Lili Madecka.

Ciekawe czy ktoś z moich nielicznych czytelników bez pomocy wyszukiwarki, od kopa wie o kogo chodzi? Wierzę, że tak 😉 Przypomniałem sobie, że kilka lat temu uczestniczyłem w grupie dyskusyjnej poświęconej aktorce, która zagrała tytułową postać. Od zawsze fascynowało mnie stare kino, jeszcze za czasów programów prowadzonych co niedzielę przez Pana Stanisława Janickiego (kojarzonego często za image, czyli ciemne okulary) uwielbiałem zatapiać się w terkot starego projektora i migające po ekranie duszki. Zresztą do dziś uważam, ze tylko filmy 8 i 16 mm mają duszę. Dawno temu mój ojciec niczym Filip Mosz xD kręcił Krasnogorskiem co się dało. Niestety tamte taśmy przepadły w otchłani czasu niczym łzy, które wspominał w pożegnaniu Tomasz Beksiński. Ina Benita, bo taki pseudonim nosiła aktorka wcielająca się w postać Lili Madeckiej, córki zamożnego przemysłowca w ostatniej komedii przedwojennego, polskiego kina, czyli Sportowcu mimo woli zapadła mi w pamięci przed laty. Pewnie to niedosyt własnej urody sprawiał, że od czasu gdy zacząłem dostrzegać zniewalające piękno kobiecych twarzy zacząłem przyglądać się z podziwem wybitnym przedstawicielkom płci pięknej. Ina Benita była kontrowersyjna, ale na pewno wyjątkowa, jej życie jest potwierdzeniem owej wyjątkowości bazującej na genotypie. Przykro mi, że nigdy nie było mi dane poznać kobiety pięknej i dobrej, oraz dobrej i pięknej. Pewnie jest inaczej, ale dla mnie to oksymoron, jak mawiał Zdzisław Beksiński o jedzeniu, czyli że jest albo smaczne i niezdrowe albo zdrowe i niesmaczne a smaczne i zdrowe jednocześnie nie występuje w naturze.

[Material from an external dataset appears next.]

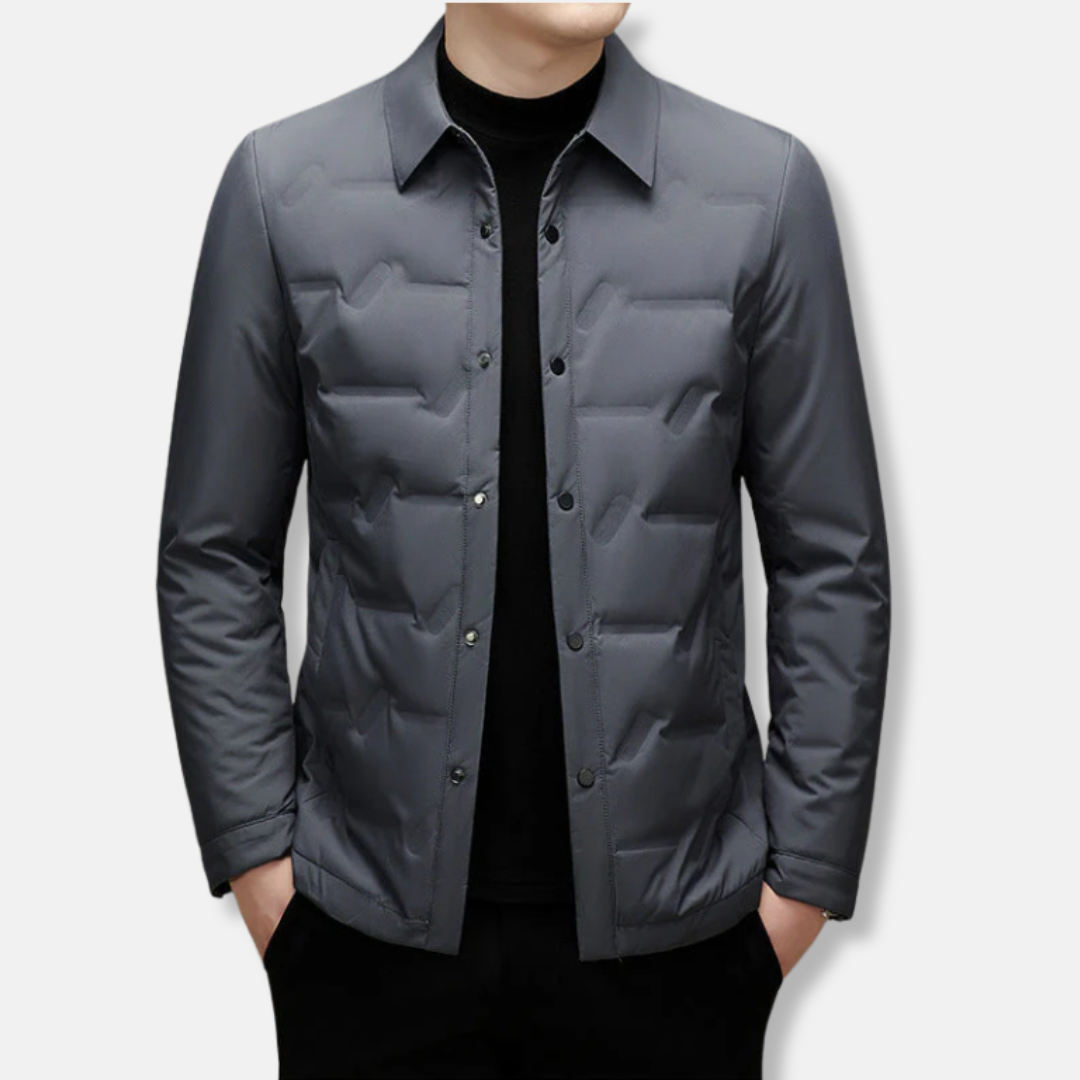 Water-Resistant Quilted Slim Fit Down Jacket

Cóż? Takie kobiety można ścigać przez chwile, są to chwile niezapomniane, nie mniej jednak jak ktoś powiedział –  nie dawajcie nam na chwilę nieba, tylko po to, aby zepchnąć nas do piekła. Jest jeszcze inny układ, szczególnie w okolicach, albo po ścianie, czyli dawca i realizator potrzeb, najczęściej związanych z macierzyństwem i fotką pod palmą. Znałem kilka takich kobiet…

Mężatka cztery razy, kobieta która współpracowała z AK i nigdy nie była ogolona na łyso w okupowanej Warszawie zakochuje się w niemieckim oficerze pochodzenia austriackiego a kiedy ten ginie wiąże się z kolejnym Niemcem, któremu rodzi syna, później jeszcze trzykrotnie w życiu wychodzi za mąż. Do dziś nikt chyba nie ma pewności, czy swoje szczęście w życiu pozwalające przeżyć czas okupacji i Powstanie Warszawskie zawdzięczała losowi, własnej inteligencji, czy temu, że po prostu podobała się mężczyznom, bez względu na to jakie mieli obywatelstwo.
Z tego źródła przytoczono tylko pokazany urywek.